On 9th of September, Tom Lane committed patch:

Add width_bucket(anyelement, anyarray).
 
This provides a convenient method of classifying input values into buckets
that are not necessarily equal-width.  It works on any sortable data type.
 
The choice of function name is a bit debatable, perhaps, but showing that
there's a relationship to the SQL standard's width_bucket() function seems
more attractive than the other proposals.
 
Petr Jelinek, reviewed by Pavel Stehule

That's a nice new helper function.

It has 3 versions:

  • width_bucket(operand dp, b1 dp, b2 dp, count int)
  • width_bucket(operand numeric, b1 numeric, b2 numeric, count int)
  • width_bucket(operand anyelement, thresholds anyarray)

The first two versions are the same, just operate on different datatypes – float8/double-precision and numeric.

How does it work?

Well, it assumes that range from b1 to b2 is divided into count buckets, each with the same width. And then checks into which bucket would given operand match.

Example:

Let's assume we have simple range – 0 – 10 into 20 buckets. This means that bucket “width" is 0.5.

So, value 0.11 should go into first bucket, and 7.23 into 15th.

Let's see:

$ SELECT width_bucket( 0.11, 0, 10, 20);
 width_bucket 
--------------
            1
(1 ROW)
 
$ SELECT width_bucket( 7.23, 0, 10, 20);
 width_bucket 
--------------
           15
(1 ROW)

If the value is given outside of range:

$ SELECT width_bucket( -1, 0, 10, 20);
 width_bucket 
--------------
            0
(1 ROW)
 
$ SELECT width_bucket( 100, 0, 10, 20);
 width_bucket 
--------------
           21
(1 ROW)

Values below lower bound go to bucket 0, and values above upper bound go to bucket # (count+1).

Sane.

There is also 3rd version – one that works with any datatype.

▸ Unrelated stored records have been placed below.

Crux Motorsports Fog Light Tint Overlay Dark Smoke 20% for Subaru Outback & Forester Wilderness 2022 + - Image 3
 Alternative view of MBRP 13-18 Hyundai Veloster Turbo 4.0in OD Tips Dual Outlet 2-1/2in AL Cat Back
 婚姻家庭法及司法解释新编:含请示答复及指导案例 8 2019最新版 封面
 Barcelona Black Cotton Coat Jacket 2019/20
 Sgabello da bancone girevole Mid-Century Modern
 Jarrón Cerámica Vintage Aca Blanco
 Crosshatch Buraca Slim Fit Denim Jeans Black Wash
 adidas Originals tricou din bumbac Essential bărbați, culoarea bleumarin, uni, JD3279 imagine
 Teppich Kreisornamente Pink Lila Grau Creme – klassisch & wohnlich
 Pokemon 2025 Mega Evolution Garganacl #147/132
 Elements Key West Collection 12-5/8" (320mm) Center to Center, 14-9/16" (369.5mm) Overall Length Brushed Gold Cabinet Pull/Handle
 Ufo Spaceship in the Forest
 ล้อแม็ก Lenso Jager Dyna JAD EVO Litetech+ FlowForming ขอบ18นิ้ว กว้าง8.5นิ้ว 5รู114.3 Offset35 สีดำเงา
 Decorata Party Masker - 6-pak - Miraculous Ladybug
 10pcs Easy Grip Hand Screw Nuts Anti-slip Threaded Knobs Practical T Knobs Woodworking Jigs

You given it value to match, and sorted array of lower-bound values, and it picks which bucket to put the value in.

Let's see on an example, based also on numbers:

$ SELECT width_bucket( 15, array[0, 2, 5, 10, 20, 40] );
 width_bucket 
--------------
            4
(1 ROW)

Simple, and to the point.

The logic that it does is not superbly complex, but it will definitely save some error-prone typing in my code. Cool stuff, thanks.